■ What you need to do:
What you should give back is a precise copy of the lines below from the one containing "Outdoor Mosquito Control Maplewood-NJ" through the one containing "Mushuklar haqidagi maʼlumotlar", with no pictures.

Segment Start: Data extract

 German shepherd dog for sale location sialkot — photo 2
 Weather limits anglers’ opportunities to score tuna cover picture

Segment End: Data extract
Segment Start: Data extract

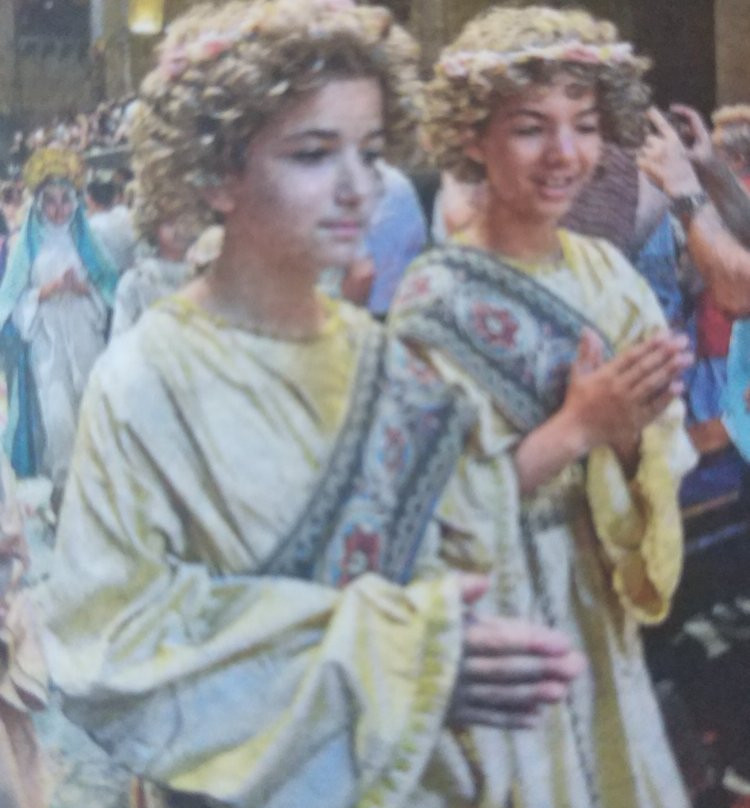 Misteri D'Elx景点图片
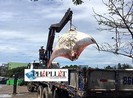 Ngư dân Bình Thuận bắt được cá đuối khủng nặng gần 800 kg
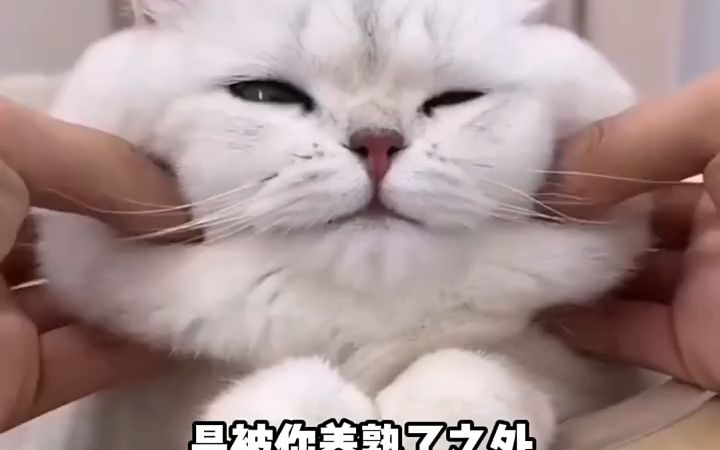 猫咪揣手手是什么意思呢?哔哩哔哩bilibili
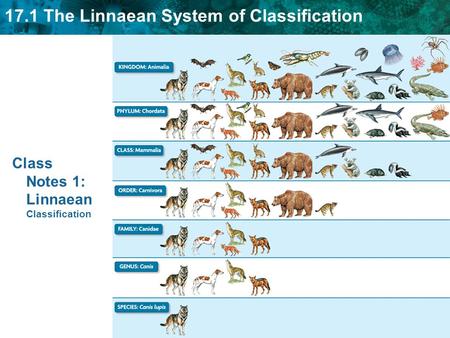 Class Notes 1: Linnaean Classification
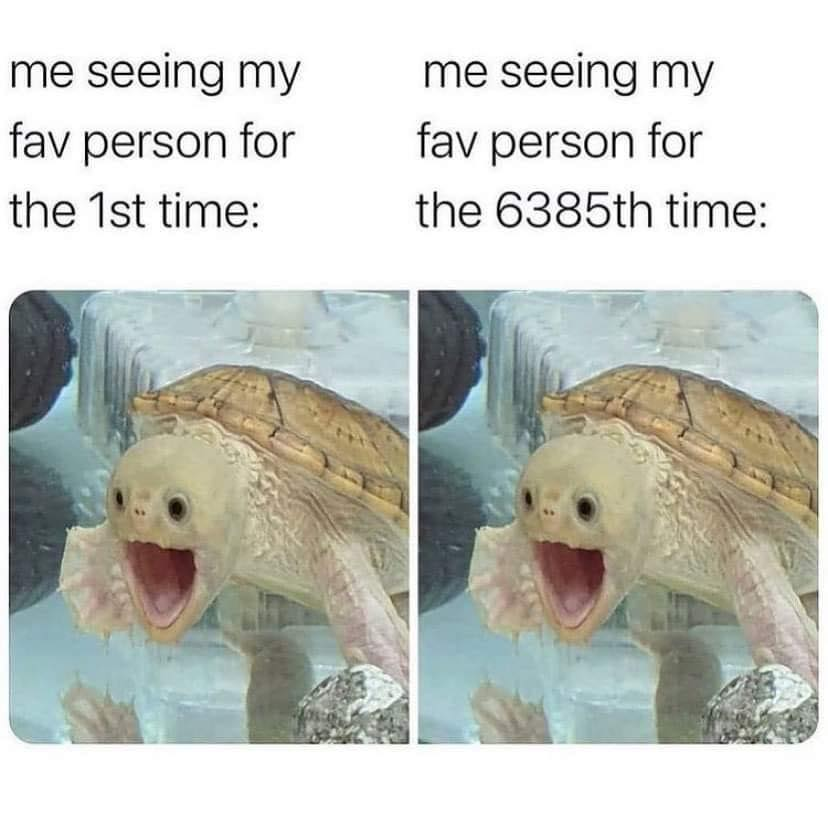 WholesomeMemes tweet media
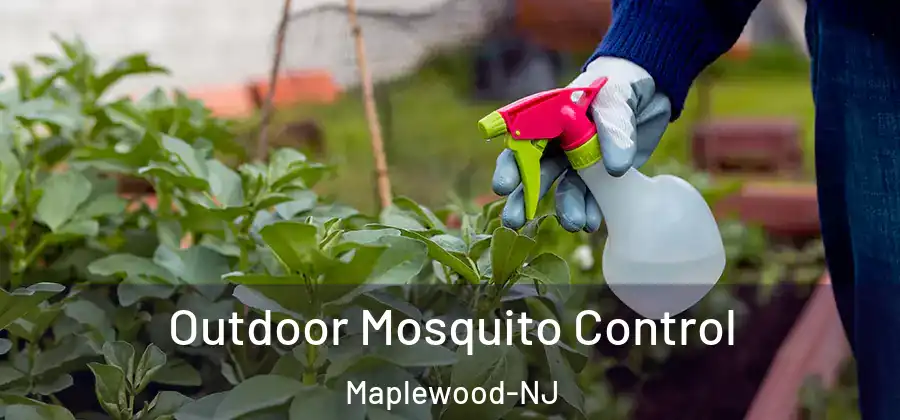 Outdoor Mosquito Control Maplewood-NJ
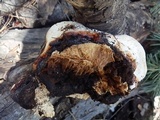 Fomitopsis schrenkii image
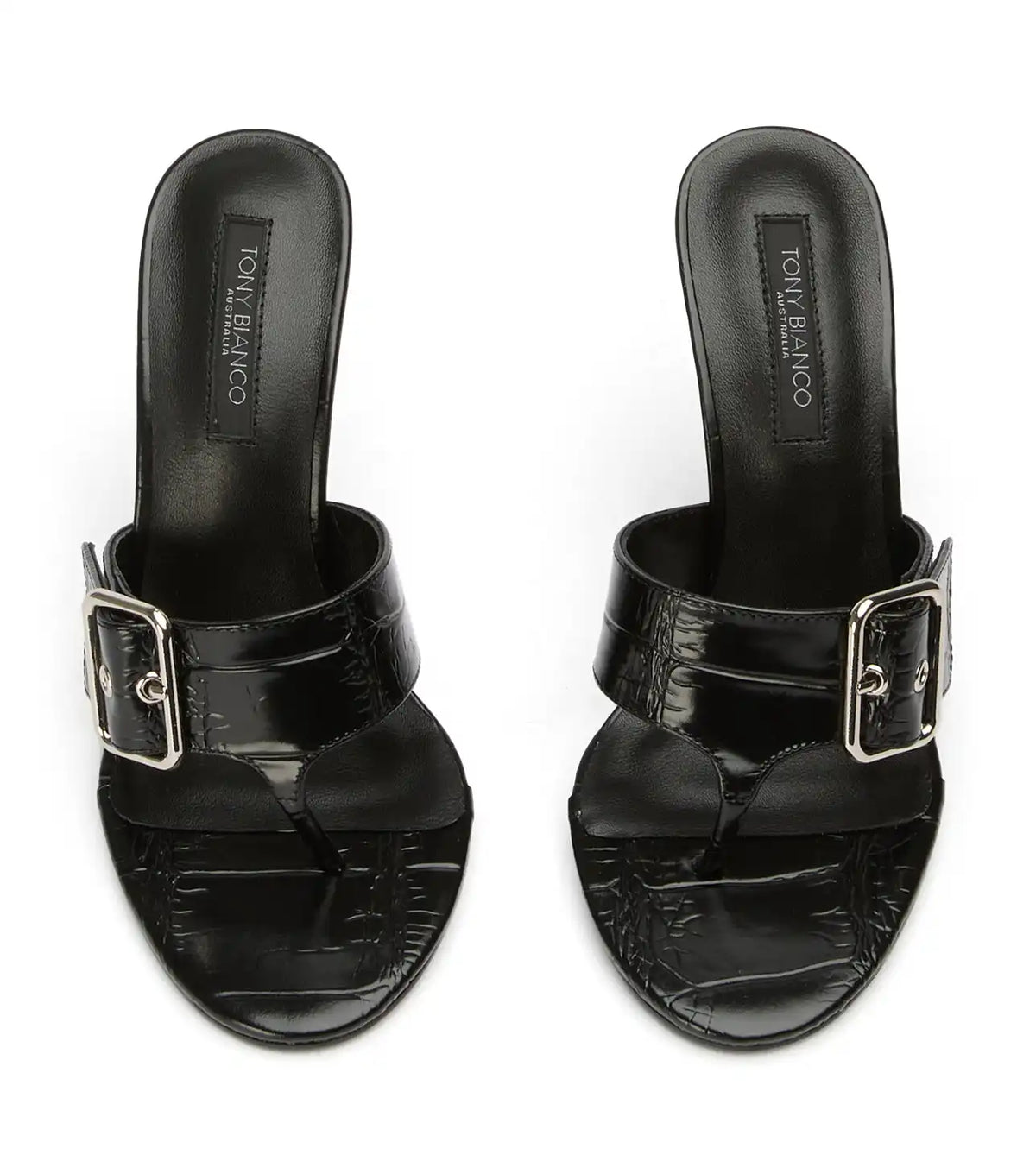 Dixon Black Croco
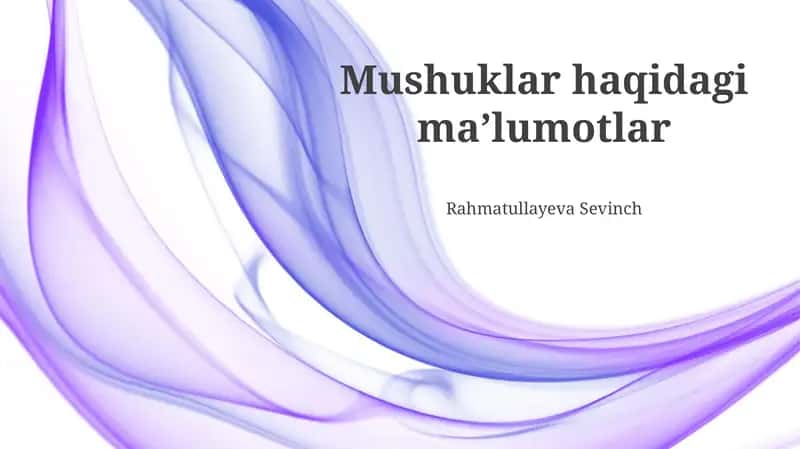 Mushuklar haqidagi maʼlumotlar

Segment End: Data extract

■ Task solution:
 Outdoor Mosquito Control Maplewood-NJ
 Fomitopsis schrenkii image
 Dixon Black Croco
 Mushuklar haqidagi maʼlumotlar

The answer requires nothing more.